# Got another pup. Help me name him!!



## EverydayisHalloween311 (Oct 14, 2011)

He is a baby brindle boxer,lab mix. Wanted to give him a Halloween type name. Got any ideas that fit his brown, black bridle look?


----------



## niblique71 (Dec 2, 2009)

Scorch

bub

charred


Damn he's too cute to give an evil name to...


Beezer???


----------



## EverydayisHalloween311 (Oct 14, 2011)

Lol. I know that's what my wife and I were thinking. Possible idea's are Snickers, Grimm and Jack


----------



## Copchick (Apr 10, 2012)

Oh what a little sweetie!!! I like Grimm.


----------



## Hairazor (Mar 13, 2012)

Too cute! I also like Grimm!


----------



## RoxyBlue (Oct 6, 2008)

William


----------



## BioHazardCustoms (Aug 5, 2009)

I concur with Grimm. He's adorable, btw.


----------



## scareme (Aug 29, 2006)

Thaddeus P. Beauregard Look at the feet on that dog. He'll grow into the name.


----------



## debbie5 (Mar 2, 2007)

Kitty Cat.


----------



## Pumpkin5 (Aug 8, 2010)

:jol:Awwwwwww....I WANT him! Soooo cute and those eyes? My heart is melting. I love Jack, because Mr. Skellington is my fav, or how about Bones, Boo or Ridley? I don't know why I keep thinking this name, but how about Pumpkin? Whatever you choose he will become though, and Grimm is also a good one.


----------



## tstraub (Feb 26, 2012)

I find that when choosing a name for a dog you have to practice screaming the name. Lets face it you will be screaming his name for years to come and nothing is worse than trying to yell for or at a dog with an unsceamable name. So lets give it a try.

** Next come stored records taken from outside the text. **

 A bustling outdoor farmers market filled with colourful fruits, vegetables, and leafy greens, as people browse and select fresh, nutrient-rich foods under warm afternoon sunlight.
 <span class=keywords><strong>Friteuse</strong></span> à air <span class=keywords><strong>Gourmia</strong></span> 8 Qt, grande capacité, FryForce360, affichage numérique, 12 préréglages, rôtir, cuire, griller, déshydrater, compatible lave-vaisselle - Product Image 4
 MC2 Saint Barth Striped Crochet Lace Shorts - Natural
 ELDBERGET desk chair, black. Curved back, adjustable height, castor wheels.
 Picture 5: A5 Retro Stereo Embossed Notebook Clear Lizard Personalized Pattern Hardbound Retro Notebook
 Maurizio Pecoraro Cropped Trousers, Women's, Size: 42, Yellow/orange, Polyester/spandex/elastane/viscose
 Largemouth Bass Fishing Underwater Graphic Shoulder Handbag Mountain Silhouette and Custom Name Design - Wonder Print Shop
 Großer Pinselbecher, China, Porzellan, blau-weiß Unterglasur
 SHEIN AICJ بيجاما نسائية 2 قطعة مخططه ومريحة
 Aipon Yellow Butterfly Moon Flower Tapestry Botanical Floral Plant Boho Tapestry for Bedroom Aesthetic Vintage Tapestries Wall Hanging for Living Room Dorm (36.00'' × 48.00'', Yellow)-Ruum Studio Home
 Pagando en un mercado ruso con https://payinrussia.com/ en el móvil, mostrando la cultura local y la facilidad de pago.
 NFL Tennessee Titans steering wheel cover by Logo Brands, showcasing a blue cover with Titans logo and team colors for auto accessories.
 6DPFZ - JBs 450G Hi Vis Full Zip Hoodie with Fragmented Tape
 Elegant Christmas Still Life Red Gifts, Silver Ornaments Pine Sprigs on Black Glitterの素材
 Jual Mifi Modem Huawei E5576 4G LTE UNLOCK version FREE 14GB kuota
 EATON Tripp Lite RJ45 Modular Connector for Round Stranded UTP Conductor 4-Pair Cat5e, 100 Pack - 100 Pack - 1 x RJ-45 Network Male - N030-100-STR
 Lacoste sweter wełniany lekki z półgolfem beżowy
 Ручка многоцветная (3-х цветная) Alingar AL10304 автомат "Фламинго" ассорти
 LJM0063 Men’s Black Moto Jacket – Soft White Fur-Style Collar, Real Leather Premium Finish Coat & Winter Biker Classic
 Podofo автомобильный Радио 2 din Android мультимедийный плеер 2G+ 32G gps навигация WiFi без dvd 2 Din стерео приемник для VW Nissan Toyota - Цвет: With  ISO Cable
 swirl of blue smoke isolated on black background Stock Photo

Calling the dog in during off leash play. Say it loudly and clearly so your voice will carry a long distance.
"GRRRIIIMMMMM........ Here boy"

Correcting misbehavior. Say it loudly and sharply to really get his attention 
"GRIMM!!!! NO!!!!"

Yep I like it rolls right off the tongue. +1 on Grimm


----------



## fontgeek (Jul 24, 2006)

I like Grimm too, though names or words with strongly pronounced "S"s and "T"s are easier for most animals to recognize.
So things like Spectre, Spooky, or even names like Poltergeist will be easier and more attention getting for the dog. I can see a name Like Poltergeist getting shortened for everyday use to Polter, Poultry, or Giest.
Quite a cutey. Love the brindle coat too.


----------



## EverydayisHalloween311 (Oct 14, 2011)

Thanks for the idea's.. No name yet. We like Snickers and grimm but haven't picked yet. Here's another pic of my boy


----------



## Copchick (Apr 10, 2012)

Awwww!!!! He's so cuuuute! His coloring is beautiful! I laughed out loud reading tstraub's response. "Lets face it you will be screaming his name for years to come and nothing is worse than trying to yell for or at a dog with an unsceamable name." It's so true and yet I never thought about that.


----------



## EverydayisHalloween311 (Oct 14, 2011)

We picked Snickers. Full name is Snickers 'funsize' Wallace lol
Thanks haunt friends for the suggestions and comments


----------



## Copchick (Apr 10, 2012)

Excellent choice!


----------



## Haunted Bayou (Feb 16, 2007)

I like it. 
"Snickers" suits him...although, he won't be fun size for long.

Grimm was just too dark for such a cutie. "Snickers" is fun and one of my favorite Halloween treats.


----------



## EverydayisHalloween311 (Oct 14, 2011)

Yep my favorite Halloween treat too!


----------



## Headless (Sep 4, 2011)

Very cute and great name choice!


----------



## Lunatic (Oct 3, 2006)

That is a beautiful pup! I love Boxers. Especially with that kind of coat. 
Snickers is perfect....cute name and halloween related.


----------



## EverydayisHalloween311 (Oct 14, 2011)

Thanks lunatic! And y'all


----------